Why do regexes and string literals use different escape sequences? - regex

The handling of escape sequences varies across languages and between string literals and regular expressions. For example, in Python the \s escape sequence can be used in regular expressions but not in string literals, whereas in PHP the \f form feed escape sequence can be used in regular expressions but not in string literals.
In PHP, there is a dedicated page for PCRE escape sequences (http://php.net/manual/en/regexp.reference.escape.php) but it does not have an official list of escape sequences that are exclusive to string literals.
As a beginner in programming, I am concerned that I may not have a full understanding of the background and context of this topic. Are these concerns valid? Is this an issue that others are aware of?
Why do different programming languages handle escape sequences differently between regular expressions and string literals?

The escape sequences found in string literals are there to stop the programing language from getting confused. For example, in many languages a string literal is denoted as characters between quotes, like so
my_string = 'x string'
But if your string contains a quote character then you need a way to tell the programming language that this should be interpreted as a literal character
my_string = 'x's string' # this will cause bugs
my_string = 'x\'s string' # lets the programing language know that the internal quote is literal and not the end of the string
I think that most programing languages have the same set of escape sequences for string literals.
Regexes are a different story, you can think of them as their own separate language that is written as a string literal. In a regex some characters like the period (.) have a special meaning and must be escaped to match their literal counterpart. Whereas other characters, when preceded by a backslash allow those characters to have special meaning.
For example
regex_string = 'A.C' # match an A, followed by any character, followed by C
regex_string = 'A\.C' # match an A, followed by a period, followed by C
regex_string = 'AsC' # match an A, followed by s, followed by C
regex_string = 'A\sC' # match an A, followed by a space character, followed by C
Because regexes are their own mini-language it doesn't make sense that all of the escape sequences in regexes are available to normal string literals.

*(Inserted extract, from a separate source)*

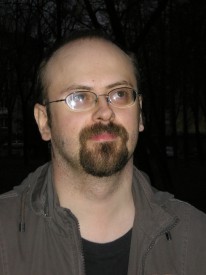 juraj-cervenak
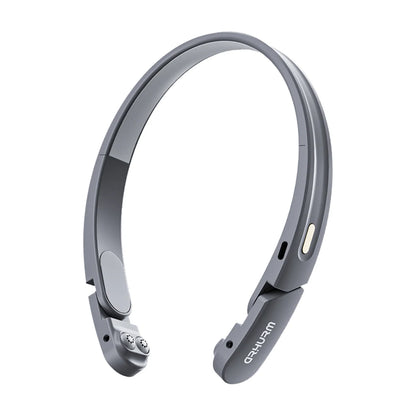 EMS Electric Head Massager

Regular expressions are best thought of as a language in themselves, which have their own syntax. Some programming languages offer a literal syntax specifically for describing a regex, but usually a regex will be compiled from an existing string. If you create that string from literal syntax, that uses a different set of escape sequences because it is a different kind of thing, created with a different syntax, for a different context, in a different language. That's the simple and direct answer to the question.
There are different needs and requirements. Regexes have to be able to describe things that aren't a single, specific sequence of text. String literals obviously don't have that problem, but they do need a way to, say, include quotation marks in the text. That usually isn't a problem for regex syntax, because the content of the string is already determined by that point. (Some languages have a "regex literal" syntax, typically enclosing the regex in forward slashes. In these languages, forward slashes that are supposed to be part of the regex need to be escaped.)
Although I understand the obvious (\s represents multiple characters and would introduce ambiguity)
Ambiguity isn't actually a concern for most languages that support regex. It often happens that the string literal syntax and the regex syntax use the same sequence to mean different things. For example: \b represents a word boundary in regex syntax, but many languages' string literal syntax also uses it to represent a backspace character, Unicode code point 8. (Unless you meant that \s to mean "any whitespace character" doesn't make sense in the string literal context but only in the regex context - then yes, of course.)
But keep in mind - if the regex is being compiled from a string literal, then first the string literal is interpreted to figure out what the string actually contains, and then that string is used to create the regex. These are separate steps that can and do apply separate rules, so there is no conflict.
This sometimes means that code has to use a double escaping mechanism: first for the string literal, and then for the regex syntax. If you want a regex that matches a literal backslash, you might end up typing four backslashes in a string literal - since that code will create a string that actually contains only two backslashes, which in turn is what the regex syntax requires. (Some languages offer some kind of "raw" string literal facility to work around this.)

Related

read regular expression from .ini file [duplicate]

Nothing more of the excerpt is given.